Existe en España la falsa creencia de que la natación es un deporte propenso a que su práctica sea aburrida. Quienes así piensan entienden sólo la natación como una forma de desplazarse en el agua, habitualmente, con el fin de mejorar su salud y aumentar o mantener su condición física.
Si bien vale la pena "aburrirse", si por medio de la práctica de la natación conseguimos alcanzar un objetivo tan deseado como la salud, no es menos cierto que la natación ofrece una perspectiva mucho más amplia que la que se plantea tradicionalmente.

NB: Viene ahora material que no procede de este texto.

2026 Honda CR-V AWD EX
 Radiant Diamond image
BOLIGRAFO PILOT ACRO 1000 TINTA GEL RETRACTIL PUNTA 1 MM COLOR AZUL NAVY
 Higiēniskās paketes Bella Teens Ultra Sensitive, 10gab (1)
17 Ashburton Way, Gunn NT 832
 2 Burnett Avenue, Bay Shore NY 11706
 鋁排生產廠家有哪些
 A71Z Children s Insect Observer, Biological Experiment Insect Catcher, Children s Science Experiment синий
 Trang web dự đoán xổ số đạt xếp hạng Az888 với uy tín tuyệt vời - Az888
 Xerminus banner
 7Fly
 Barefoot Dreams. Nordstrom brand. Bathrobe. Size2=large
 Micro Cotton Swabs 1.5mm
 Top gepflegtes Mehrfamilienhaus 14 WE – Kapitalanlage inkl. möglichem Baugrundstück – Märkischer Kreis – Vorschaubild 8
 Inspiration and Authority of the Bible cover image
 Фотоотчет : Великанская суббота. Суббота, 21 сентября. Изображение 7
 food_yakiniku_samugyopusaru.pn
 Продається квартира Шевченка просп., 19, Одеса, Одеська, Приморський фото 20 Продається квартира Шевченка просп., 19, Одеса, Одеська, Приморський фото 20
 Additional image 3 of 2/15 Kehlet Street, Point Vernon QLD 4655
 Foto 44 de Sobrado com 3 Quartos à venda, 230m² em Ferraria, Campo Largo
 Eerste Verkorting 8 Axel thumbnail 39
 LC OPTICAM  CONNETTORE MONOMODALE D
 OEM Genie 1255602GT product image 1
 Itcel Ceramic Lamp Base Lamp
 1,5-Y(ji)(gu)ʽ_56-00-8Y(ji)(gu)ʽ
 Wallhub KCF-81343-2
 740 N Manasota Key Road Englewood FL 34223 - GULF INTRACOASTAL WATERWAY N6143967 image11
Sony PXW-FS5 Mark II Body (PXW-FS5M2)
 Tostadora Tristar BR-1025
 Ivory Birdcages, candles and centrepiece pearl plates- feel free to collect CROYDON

El atractivo que ofrece el agua al ser humano tiene un componente esencialmente lúdico. La utilización del medio acuático como objetivo de diversión ha sido uno de los "booms" de la última década con la creación de los parques acuáticos y la introducción de la natación recreativa en las piscinas.
Pero no es menos cierto que moverse en el agua supone una menor exigencia que moverse en la tierra, o lo que es lo mismo, hacer actividad física en el agua cuesta menos que en tierra. La menor gravedad en el agua hace este "milagro".
La natación es una fuente inagotable de posibilidades para niños, jóvenes, adultos y viejos. Llevar a cada cual lo que necesitan o lo que mejor les conviene es más un problema de planteamiento pedagógico que de las limitaciones de mal conocimiento que se ha tenido de la natación.